Out-Law / Your Daily Need-To-Know
Out-Law News 1 min. read
Outsourced software has weaker security, claims research
08 Apr 2008, 12:10 pm
All of the companies who admitted to being frequently hacked in a just-published survey outsourced some of their software development, while 60% of companies that outsource do not ask for security to be built in to the technology.
The survey, carried out on behalf of security software company Fortify, found a correlation between hacking incidents and the outsourcing of software development.
"Outsourcing of code development is widespread. However, given the lack of visibility into coding practices, it is fundamentally insecure," said the report by research firm Quocirca.
The research found that large organisations are increasingly relying on custom-made software to give their businesses a competitive edge, but that that process introduces security weaknesses into their companies.
"That organisations are increasingly reliant on bespoke applications to maintain a competitive edge, and are outsourcing a significant proportion of the coding for these applications to third parties, is an alarming trend," said the report. "The need to make business processes more efficient is leading them to expose more of their applications through the use of new programming techniques and technologies, some of which are known to introduce new vulnerabilities into applications, but which are not yet clearly understood."
"These survey results help explain the recent, sudden rise in data breaches and should serve as a wake-up call to any executive whose company sits on a pile of mission-critical application code," said Howard Schmidt, a director of Fortify.
Financial services companies were found by the survey to be the most likely to outsource their software development. In that sector 72% of surveyed companies said they outsource more than 40% of their software development.
These companies are up against a new type of hacker, the survey said. "Hackers are becoming more sophisticated, no longer looking to launch widespread attacks for notoriety – instead they are launching stealth attacks against specific targets for financial gain," it said.

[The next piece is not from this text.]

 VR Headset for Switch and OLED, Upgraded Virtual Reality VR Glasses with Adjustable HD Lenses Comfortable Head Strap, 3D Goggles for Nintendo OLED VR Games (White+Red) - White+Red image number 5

"New types of attack are becoming more common that target areas where defences are the weakest - the software applications that run on computer networks. New types of hackers are emerging that look for insecurely written code and hunt for vulnerabilities in software applications that will allow them to steal information generated by those applications."
The survey found that 60% of companies that outsource the writing of software do not mandate that security be built into the application itself. It found that 20% of UK companies that outsource coding do not even think about security when ordering their software.
According to Fortify the issue will only grown in importance as more and more companies outsource the development of software.
"This creates an even greater onus for organisations to thoroughly test all code generated for applications, without which they could be playing into the hands of hackers," said Fran Howarth, principal analyst at Quocirca.